あんじゅ たしかDMでしたね。大河内さんからの。

大河内 当時、あんじゅ先生がTwitterでいろんなセミナーの実況をされていたんですよ。わざわざセミナーに来て話を聞きながら、その様子をリアルタイムでマンガにしてアップしていくっていう。

あんじゅ iPadを使って、その場でどんどんマンガを描いていくんですよ。要は、授業中に落書きしてる奴みたいな感じですね。落書きを全世界に発信してる。

自腹を切ってセミナーに参加してまで、なぜ、そんな活動をされていたんでしょう? マンガ家さんって比較的インドアな方が多いので、ちょっと意外です。

あんじゅ 私、マンガ家として憧れていたのが、倉田真由美さんとか西原理恵子さんとか、いろんなところに取材に行かれてレポマンガとかを描かれる方だったんですね。なので、その練習がてら北海道に行ってご飯食べに行ったときのレポマンガを描いたりしてたんです。それと同じ感じで、例えばインフルエンサーのゆうこすさんのセミナーとかに行って、その場で感じたことをマンガにして。登壇してた方々みんな「ツイートしてくれたら見ますよ」っておっしゃってたんで、じゃあ、やってみよう!と投稿してたんです。要は、みんながタグを付けて文字をツイートするところ、私はマンガでやったってことですね。それを自分では“実況マンガ”って呼んでるんですけど。

大河内 それを見て“面白い人がいる!”と思って、DMさせていただいたんです。で、お互いのアカウントをフォローしたら、今度は僕のセミナーにも来てくれて! 参加費5,000円くらいする、きっと興味もないだろうセミナーなのに、わざわざ自腹で来て、実況マンガを上げてくれたんです。

あんじゅ でも、仮想通貨の税金セミナーだったんで、一応聞いてみたい内容ではあったんですよ。ただ、実況なんかしてると、たぶん2、3割しか聞けてなくて(笑)。だから、一番面白いところをつまんで、マンガにしていくんです。聞かなきゃいけない内容は、みんながツイートしてる文字を追って把握してました。

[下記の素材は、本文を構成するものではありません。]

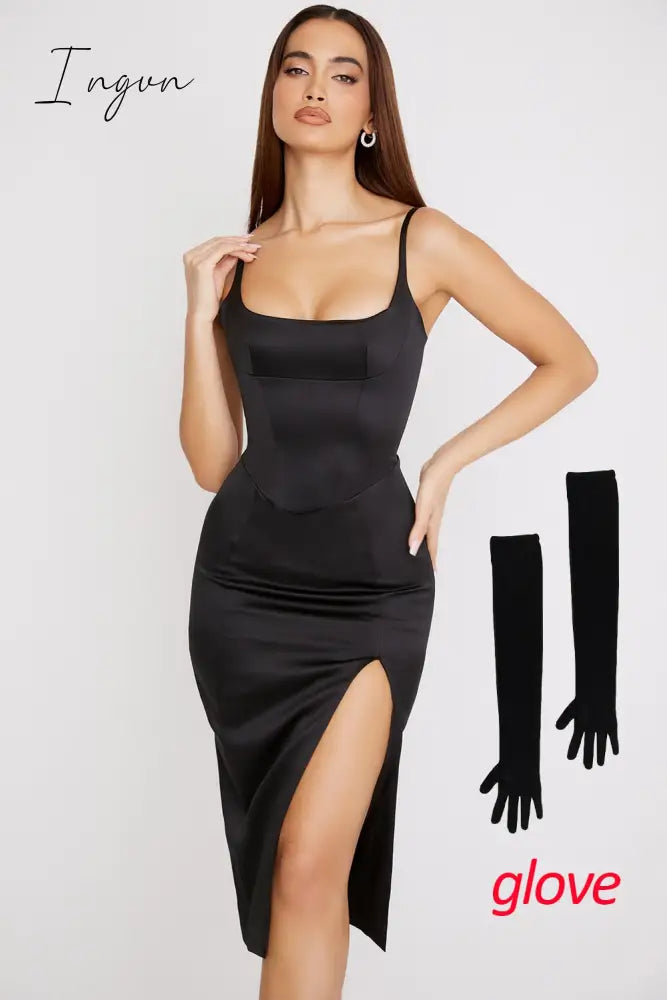 Ingvn - Summer Bodycon White Satin Evening Night Party Dresses Sexy Birthday Dress For Women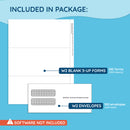 2026 Blue Summit Supplies Tax Forms, Blank W2 3-Up Horizontal Bundle, 100-Pack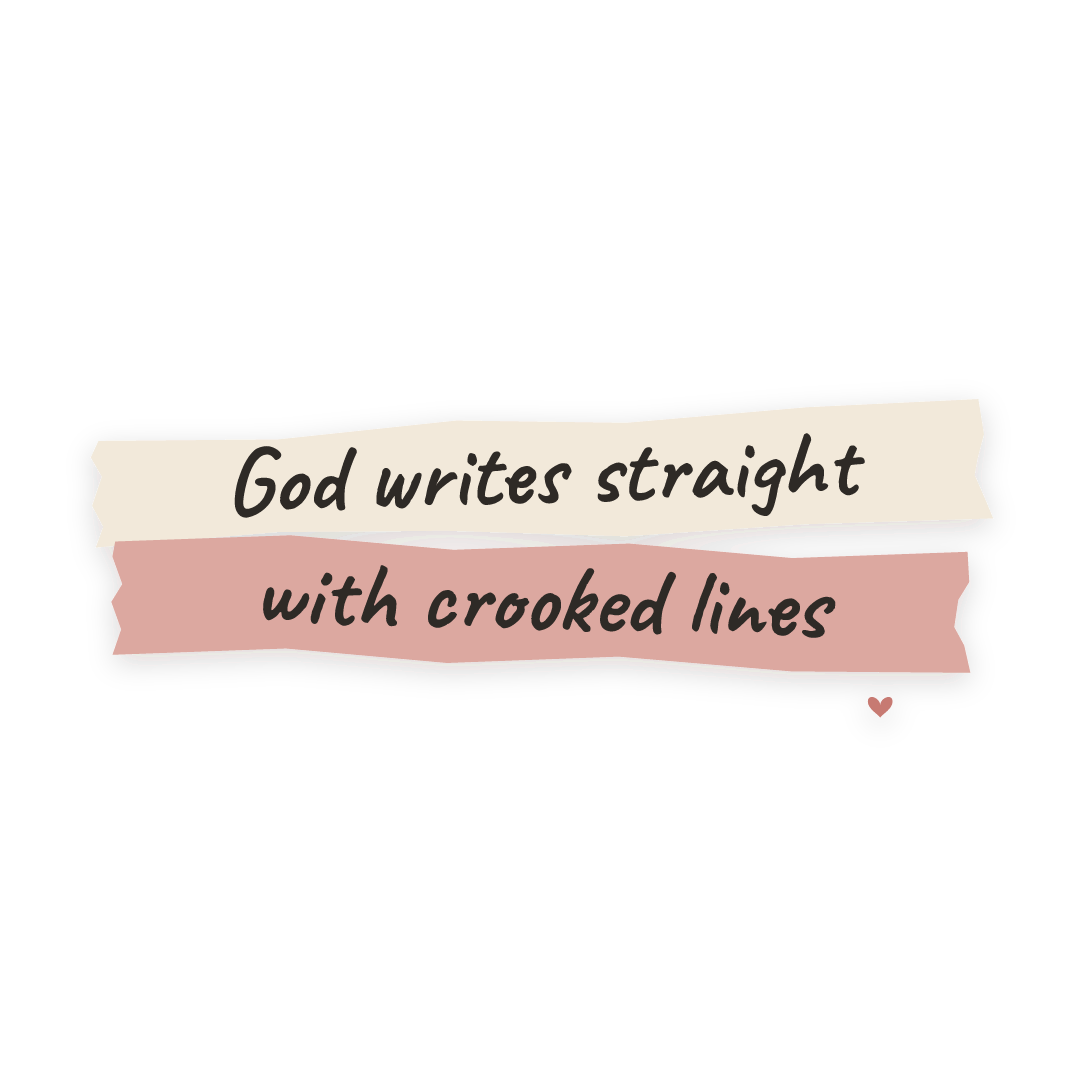 Sticker: God writes straight with crooked lines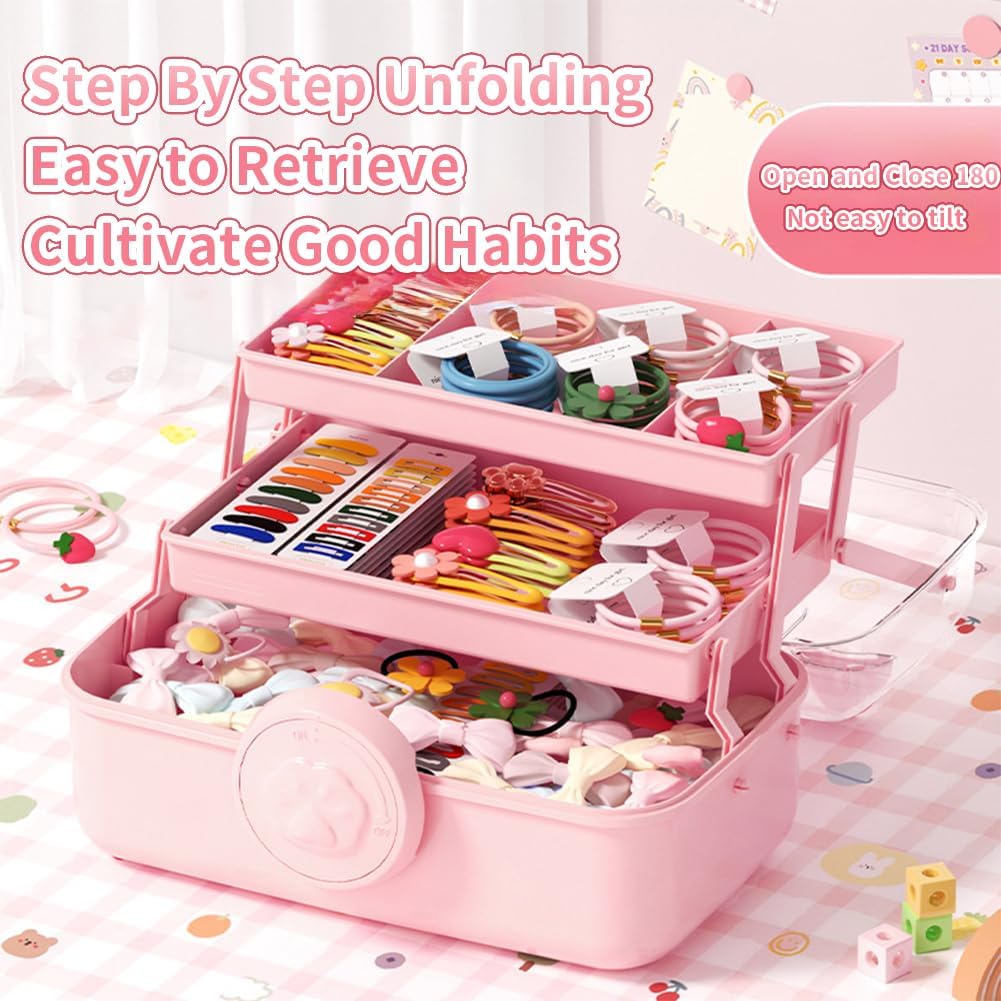 Bow Knot Hair Accessories Organizer Box - Cute Dust Proof Childrens Jewelry Storage Box, 3 Layers Plastic Storage Box for Clips, Headbands, Bands, Jewelry, etc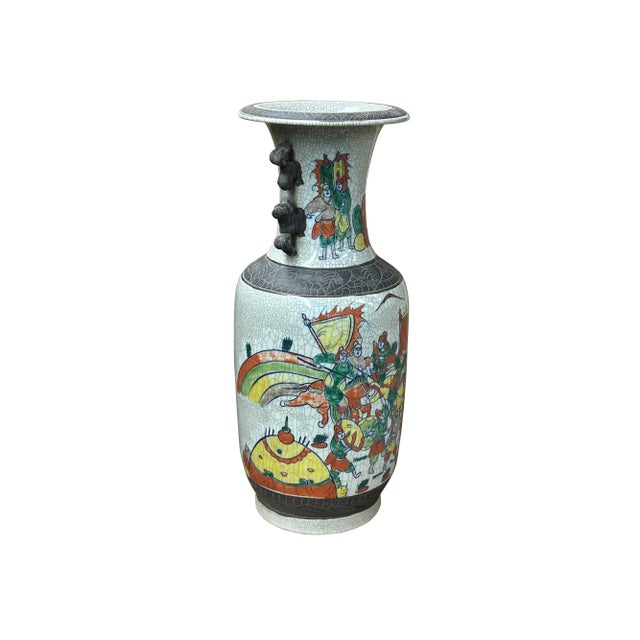 Gray Orient Crackle Gray Warrior Graphic Artistic Pottery Ceramic Vase For Sale - Image 8 of 14
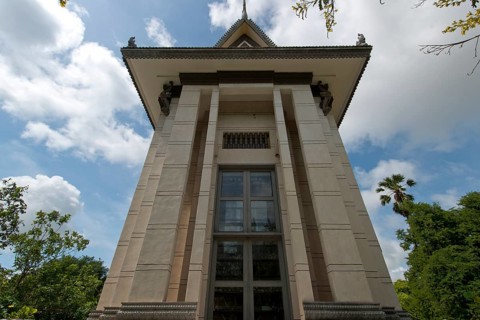 Memorial Stupa to the prisoners murdered by the Communist or Maoist Khmer Rouge in Choeung Ek
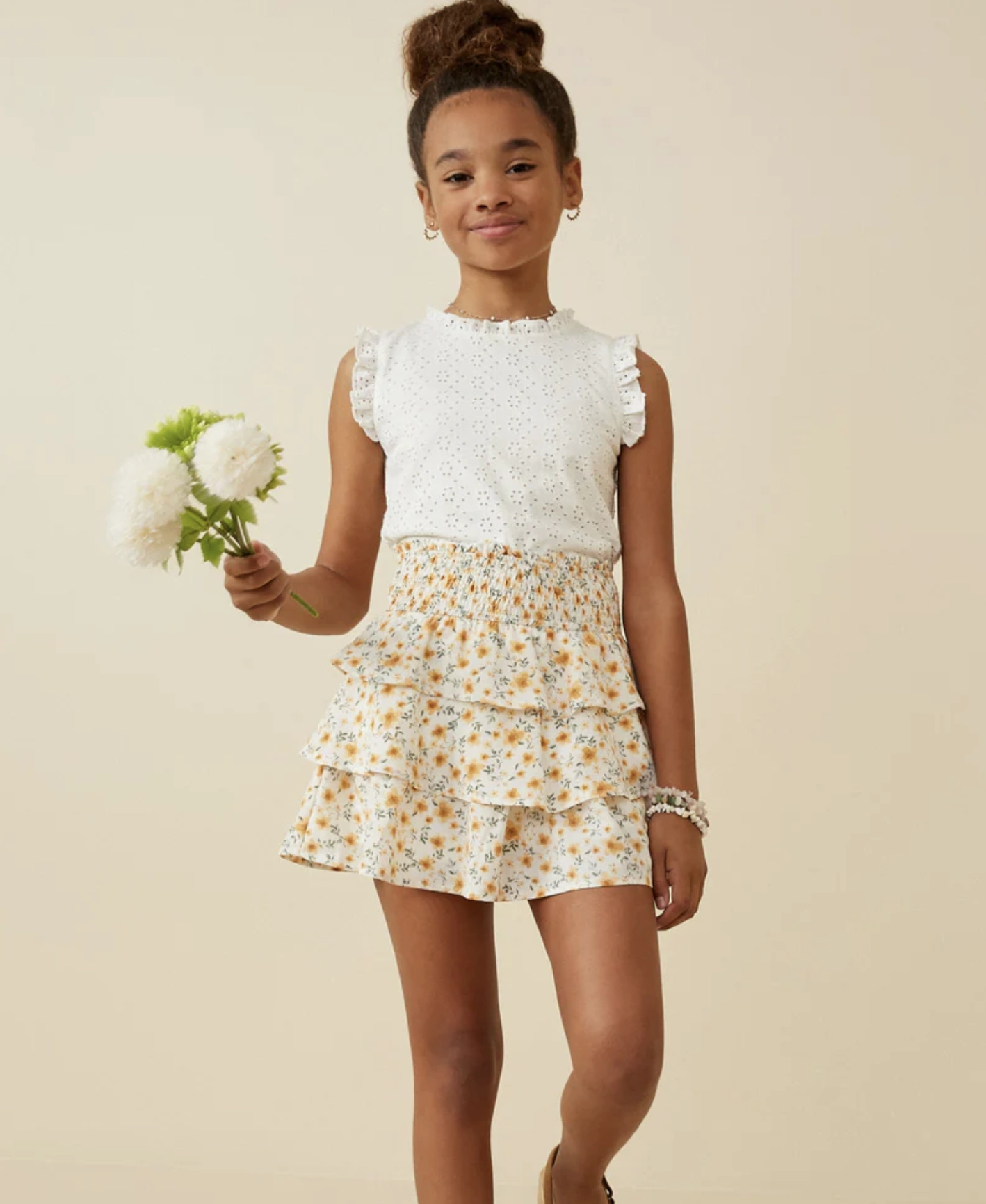 No - iron Girls Smocked Waist Tiered Ditsy Floral Skirt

大河内 いや、あれはすごいと思う。描くのが早くないとできないし、拡散力があるから登壇するほうからすると、すごくありがたいんですよね。それが2018年の初頭とかで、そこからセミナー資料の挿絵4コマとかを依頼するようになったんです。なので、サンクチュアリ出版さんから「税金の本を出しませんか?」とお話を頂いたときも、だったら絵を描くのはあんじゅ先生しかいないだろう!と。

ゼロから理解していくまでの過程をマンガにする

なるほど。税金の本という堅苦しくなりがちなジャンルなら、マンガを交えたほうがわかりやすいだろうという発想になりますよね。

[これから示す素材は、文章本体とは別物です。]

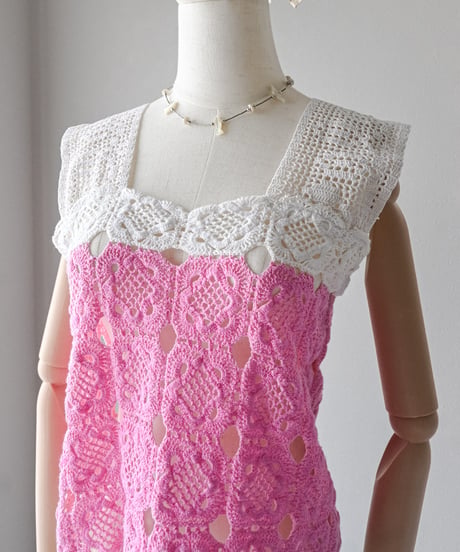 【Seek an nur】Vintage cotton crochet cami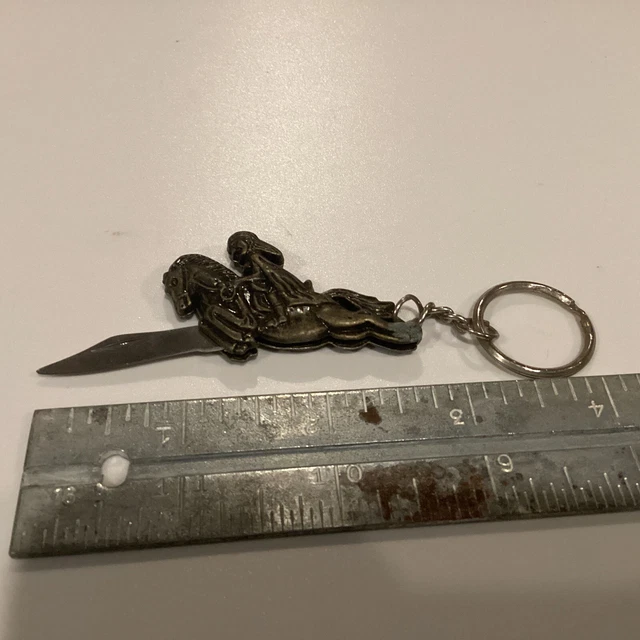 Vintage Lady Riding Horse Pocket Knife Keychain Key Ring Chain Fob Hangtag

あんじゅ いや、それが最初は挿絵の依頼だったんです。なのに1週間後に打ち合わせに行ったら、挿絵の予定が全編マンガに企画が変わってたんですよ! その1週間の間にいったい何があったのかは、私にもわからない(笑)。

大河内 良かれと思って編集さんが「マンガにしましょう」って言い出したんですよね。その前にもマンガでヒットを飛ばしてる方だったから、じゃあ、そうしましょうとなった瞬間、〆切がメチャクチャタイトになったんです。3カ月で挿絵を描くのと3カ月でマンガを描くのでは全然違いますから。

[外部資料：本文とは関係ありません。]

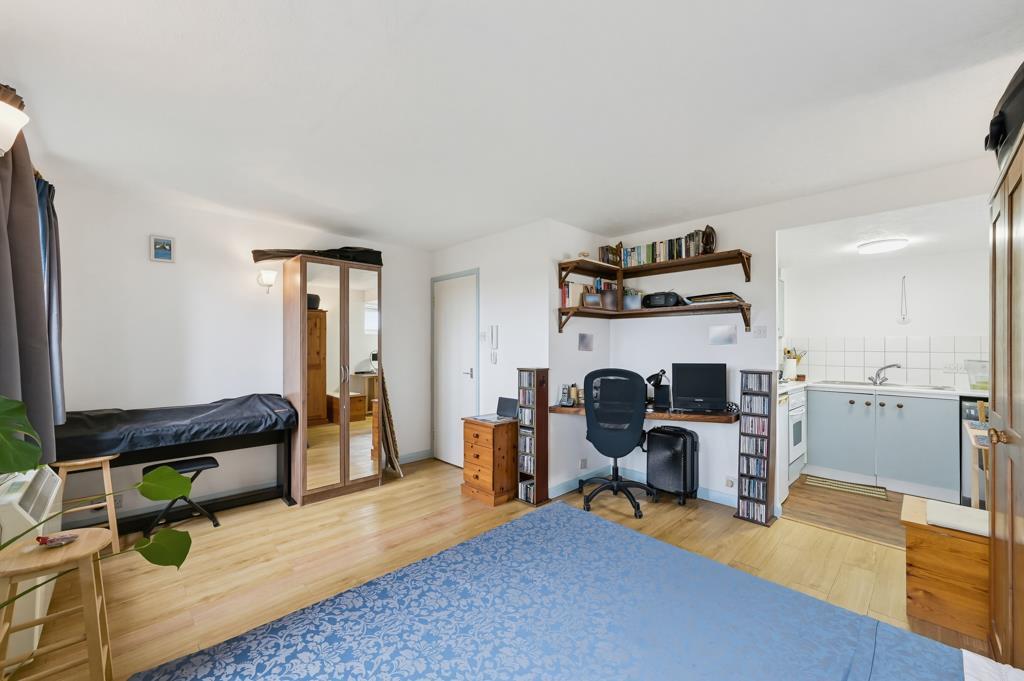 Studio apartment interior, open plan living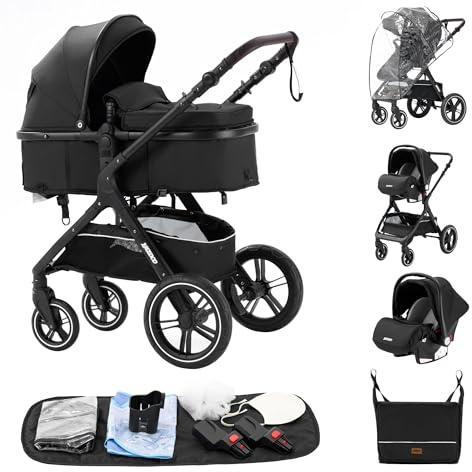 ALYIKOU-Carrito de bebé 3 en 1 - Adecuado para 0-3 años, Ligero y Cómodo para Bebés y Niños - Ideal para Viajes y Diario - Con el bolso de mamá,Cubierta de lluvia, portavasos, adaptadores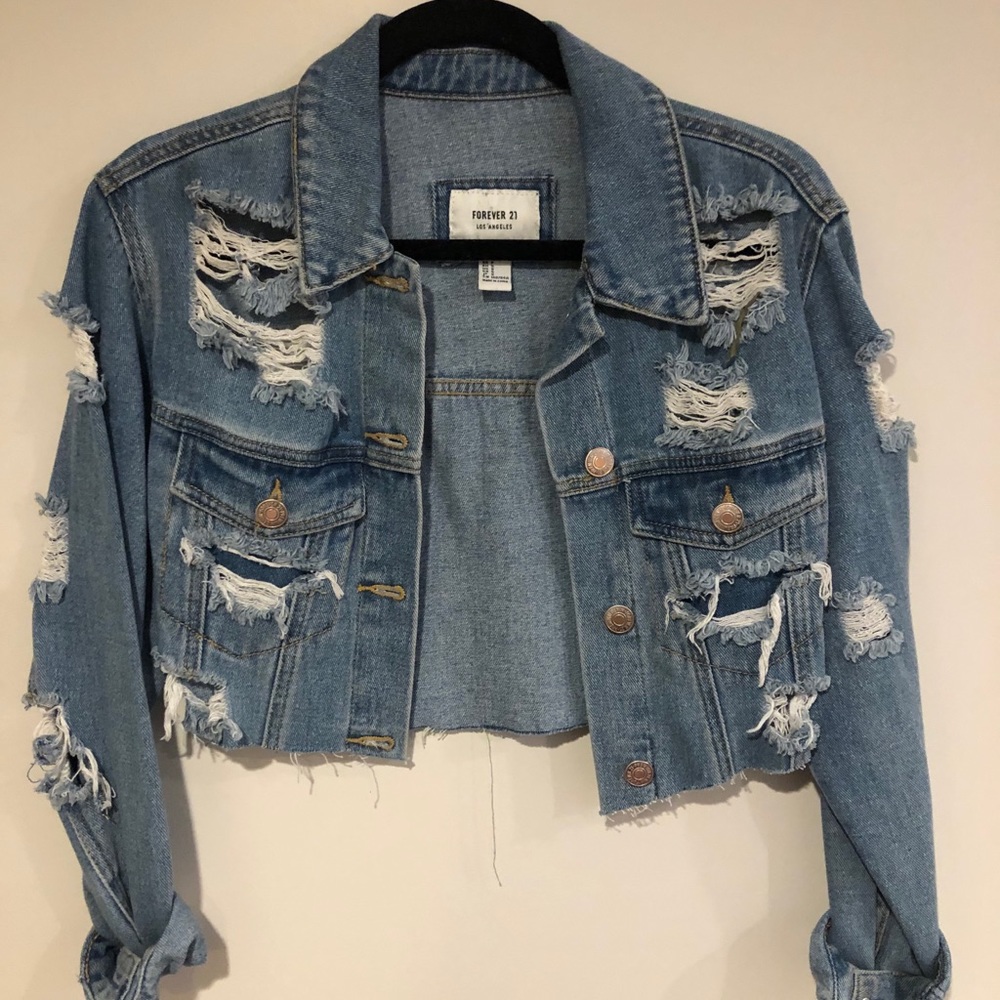 Cropped distressed jean jacket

あんじゅ 締切がタイトなのに、私がギリギリまでサボってしまったので7割くらいはラストの10日間くらいで仕上げました。これを魔の10日間と呼んでます……。

いざ制作が始まって、どんな手順でマンガにしていったんでしょう?

あんじゅ 最初に大河内さんの授業みたいなものを編集さんと受けて、この本にどんな情報が必要か?を絞っていく会議みたいなものをしました。そこから編集さんが章立てして、章ごとに必要な情報を整理して。それを文章化したものを大河内さんがチェックして、OKになったものが大体のページ数と一緒に私に回ってくるんです。そこからネームを切ってマンガにしていく形ですね。

若林杏樹(あんじゅ先生)

ただ、その授業も全然理解できなくて、ほぼ寝てました(笑)。よく「難しいものを面白く描くのが得意だよね」って言われるんですけど、最初は本当にマジでわかってないんですよ。この本のプロローグにある通り、税務署から“重要”ってでっかく書かれた封書が届いて、開けてみたら市民税の請求書で、何がなんだかわからなかった。でも、そのゼロの状態から理解していくまでの過程を、包み隠さず描いているところが読者に刺さったんだと思うんです。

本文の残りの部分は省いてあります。